Scientific classification
- Kingdom: Animalia
- Phylum: Chordata
- Class: Reptilia
- Order: Squamata
- Suborder: Serpentes
- Family: Colubridae
- Genus: Natrix
- Species: N. tessellata
- Binomial name: Natrix tessellata (Laurenti, 1768)
- Synonyms: Coronella tessellata Laurenti, 1768 Coluber tessellatus Bonnaterre, 1790 Tropidonotus tessellatus, part., Wagler, 1830 Natrix tessellata Bonaparte, 1834 Tropidonotus tessellatus Boulenger, 1893

= Dice snake =

- Genus: Natrix
- Species: tessellata
- Authority: (Laurenti, 1768)
- Conservation status: LC
- Synonyms: Coronella tessellata Laurenti, 1768, Coluber tessellatus Bonnaterre, 1790, Tropidonotus tessellatus, part., Wagler, 1830, Natrix tessellata Bonaparte, 1834, Tropidonotus tessellatus Boulenger, 1893

Species of snake

The dice snake (Natrix tessellata) or water snake is a Eurasian nonvenomous snake in the family Colubridae, subfamily Natricinae. Its average length is 1.0–1.3 m. Body color may vary from greyish green to brownish or almost black, with dark spots on the back. The belly is sometimes vividly coloured in yellow or orange, with black spots, very similar to dice, hence the name.

== Ecology ==
Living mainly near rivers, streams and lakes, it frequently feeds on fish. Sometimes, it feeds also on amphibians such as frogs, toads, and tadpoles. In one instance, a dice snake was even observed trying to feed on an olm (Proteus anguinus) that had been flushed from a cave in Bosnia and Herzegovina following heavy rains. However, the snake was far too small to be able to consume the olm.

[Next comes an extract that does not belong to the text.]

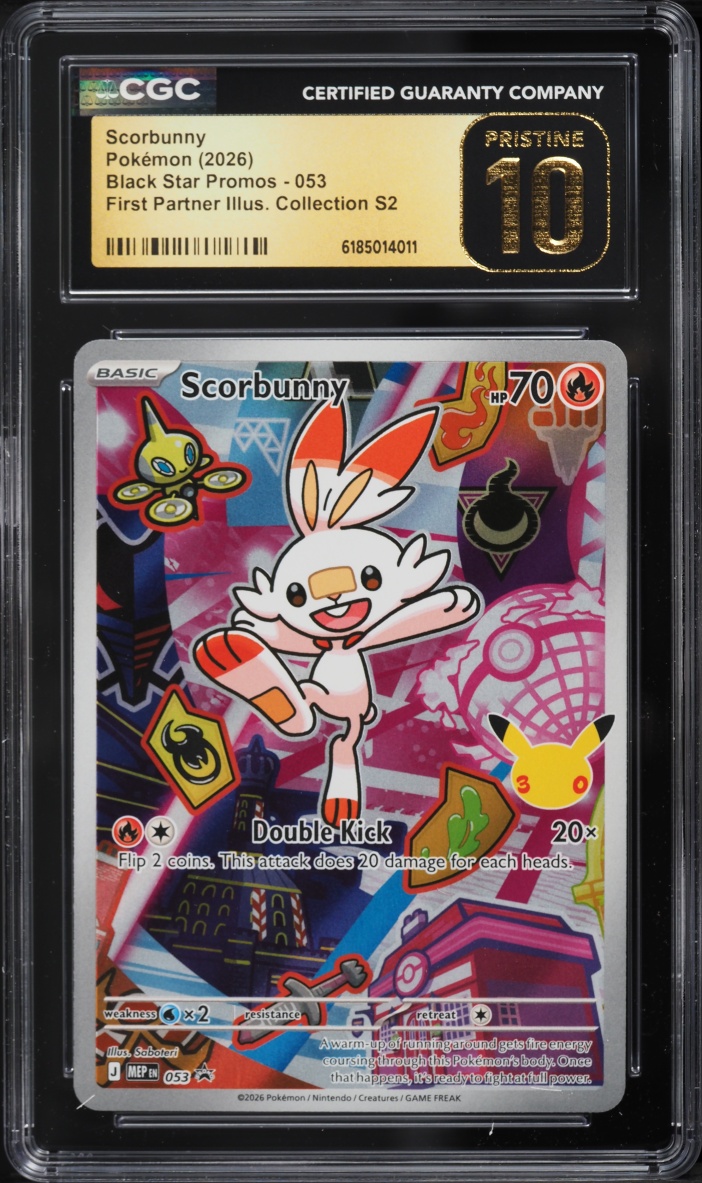 2026 Pokemon Mega Promo First Partner Illustration S2 Full Art Scorbunny #53 CGC 10 PRISTINE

While considered nonvenomous, N. tessellata produces a potent antihemorrhagin in its serum. As a defence, it spreads a very bad-smelling secretion from its cloaca. Another defence mechanism is thanatosis, playing dead.

During the mating season (March–May), they congregate in large groups. Egg-laying is usually in July, and one clutch consists of 10–30 eggs. The young snakes hatch in early September. Dice snakes hibernate from October to April in dry holes near the water.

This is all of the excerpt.